In the “Renter From Hell” Narrative, Landlords Are the Real Victims
The COVID-19 era eviction moratorium has given rise to a new journalistic genre: the “renter from hell” narrative, portraying landlords as the real victims of the crisis.

An apartment in the West Village, New York. (Unsplash)
If you’re following the news, you could easily get the impression that being a landlord is like being trapped in a horror movie, with the tenant in the role of that terrifying psycho who thrives by inflicting suffering.
Last summer, the tabloid New York Post was abuzz with stories of tenants — some of them Instagram influencers — partying decadently in the Hamptons while refusing to pay rent or leave their homes, while their middle-class landlords struggled with college tuition and medical bills. In one Miami homeowner’s nearly yearlong “nightmare,” a tenant owing more than $6,000 in rent won’t pay and won’t leave, the Miami Herald reported late last month. In the San Francisco Bay Area, landlords made similar complaints to the Mercury News including, in one case, even a subtenant who changed the locks and refused to leave. In New York, the Albany Times Union quoted landlords complaining of tenants who take their kids on Las Vegas vacations to playoff football games while skipping rent. A Staten Island couple told CBS New York they couldn’t get rid of tenants who hadn’t paid rent since May 2019, despite Instagram evidence of “lavish” parties. Albany’s WRGB-TV featured landlords frustrated that they couldn’t get rid of badly behaving tenants, with one renter even “smearing feces all over the walls in common areas.”

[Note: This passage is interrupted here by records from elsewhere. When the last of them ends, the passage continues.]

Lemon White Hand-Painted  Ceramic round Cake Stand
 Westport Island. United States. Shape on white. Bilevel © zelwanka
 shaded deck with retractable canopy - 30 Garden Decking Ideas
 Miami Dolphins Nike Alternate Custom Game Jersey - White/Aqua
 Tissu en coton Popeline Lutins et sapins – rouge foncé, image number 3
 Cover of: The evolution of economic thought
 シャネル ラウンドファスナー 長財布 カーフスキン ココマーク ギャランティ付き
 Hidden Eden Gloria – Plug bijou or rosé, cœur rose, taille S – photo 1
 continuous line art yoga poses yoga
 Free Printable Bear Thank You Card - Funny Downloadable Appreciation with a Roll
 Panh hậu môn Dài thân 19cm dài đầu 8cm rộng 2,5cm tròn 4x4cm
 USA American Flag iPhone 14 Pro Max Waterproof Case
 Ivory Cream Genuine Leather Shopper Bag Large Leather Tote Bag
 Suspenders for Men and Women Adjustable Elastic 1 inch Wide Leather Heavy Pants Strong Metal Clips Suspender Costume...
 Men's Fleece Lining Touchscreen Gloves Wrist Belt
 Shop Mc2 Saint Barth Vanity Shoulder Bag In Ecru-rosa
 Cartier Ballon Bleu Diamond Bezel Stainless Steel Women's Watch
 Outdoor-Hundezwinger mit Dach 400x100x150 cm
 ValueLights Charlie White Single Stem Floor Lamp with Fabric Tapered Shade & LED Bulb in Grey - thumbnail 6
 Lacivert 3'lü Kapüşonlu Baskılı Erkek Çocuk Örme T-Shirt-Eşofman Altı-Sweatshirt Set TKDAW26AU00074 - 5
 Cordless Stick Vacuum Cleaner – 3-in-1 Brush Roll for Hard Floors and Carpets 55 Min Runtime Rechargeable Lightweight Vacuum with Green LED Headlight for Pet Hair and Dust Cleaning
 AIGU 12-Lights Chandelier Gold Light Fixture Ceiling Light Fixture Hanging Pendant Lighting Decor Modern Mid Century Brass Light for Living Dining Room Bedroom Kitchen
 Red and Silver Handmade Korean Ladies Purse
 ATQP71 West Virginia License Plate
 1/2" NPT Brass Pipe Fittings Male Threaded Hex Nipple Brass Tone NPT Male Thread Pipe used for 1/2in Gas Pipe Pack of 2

The eviction moratorium is explicitly the policy villain in these stories. During the pandemic, the federal government and many states have paused evictions since so many are struggling to make rent, a victory for organized tenants’ groups and affordable housing advocates. While some small homeowners are indeed struggling, “it’s too hard to evict people during a pandemic” is an unconscionable emphasis in the midst of a massive crisis of potential displacement and homelessness.